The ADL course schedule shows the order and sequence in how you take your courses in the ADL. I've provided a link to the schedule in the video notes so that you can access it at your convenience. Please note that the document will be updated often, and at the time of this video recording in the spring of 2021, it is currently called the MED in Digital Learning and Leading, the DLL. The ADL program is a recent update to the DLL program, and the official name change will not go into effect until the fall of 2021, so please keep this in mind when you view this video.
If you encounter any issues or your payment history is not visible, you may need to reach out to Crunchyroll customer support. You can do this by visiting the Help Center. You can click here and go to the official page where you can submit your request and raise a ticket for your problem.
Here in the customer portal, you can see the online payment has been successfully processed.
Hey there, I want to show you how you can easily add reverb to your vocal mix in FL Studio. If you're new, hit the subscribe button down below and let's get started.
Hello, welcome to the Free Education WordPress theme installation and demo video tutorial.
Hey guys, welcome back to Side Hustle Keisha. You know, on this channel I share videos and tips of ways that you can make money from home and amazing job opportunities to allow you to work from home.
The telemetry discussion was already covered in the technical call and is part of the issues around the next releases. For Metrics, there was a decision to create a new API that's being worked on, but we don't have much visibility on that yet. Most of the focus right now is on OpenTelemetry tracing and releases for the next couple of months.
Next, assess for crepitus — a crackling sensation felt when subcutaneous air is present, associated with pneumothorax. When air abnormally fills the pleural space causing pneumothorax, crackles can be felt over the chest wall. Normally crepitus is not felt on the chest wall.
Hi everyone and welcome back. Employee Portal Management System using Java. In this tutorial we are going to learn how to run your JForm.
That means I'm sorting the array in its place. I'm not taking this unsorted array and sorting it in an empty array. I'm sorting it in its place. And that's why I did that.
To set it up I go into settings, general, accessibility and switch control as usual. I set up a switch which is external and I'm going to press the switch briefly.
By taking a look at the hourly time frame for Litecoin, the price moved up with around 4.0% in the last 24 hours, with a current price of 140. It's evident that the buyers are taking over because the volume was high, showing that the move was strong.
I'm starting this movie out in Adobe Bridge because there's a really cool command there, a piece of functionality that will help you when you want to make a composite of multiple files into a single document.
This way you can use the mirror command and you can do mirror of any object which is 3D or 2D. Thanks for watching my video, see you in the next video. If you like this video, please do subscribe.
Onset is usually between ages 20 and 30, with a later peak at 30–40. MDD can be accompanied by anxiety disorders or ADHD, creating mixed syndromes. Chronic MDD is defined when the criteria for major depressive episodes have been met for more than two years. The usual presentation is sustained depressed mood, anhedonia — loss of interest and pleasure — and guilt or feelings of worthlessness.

——————————

Exercise description
Copy each line in the entries above where the word "customer" shows up.

Result
If you encounter any issues or your payment history is not visible, you may need to reach out to Crunchyroll customer support. You can do this by visiting the Help Center. You can click here and go to the official page where you can submit your request and raise a ticket for your problem.
Here in the customer portal, you can see the online payment has been successfully processed.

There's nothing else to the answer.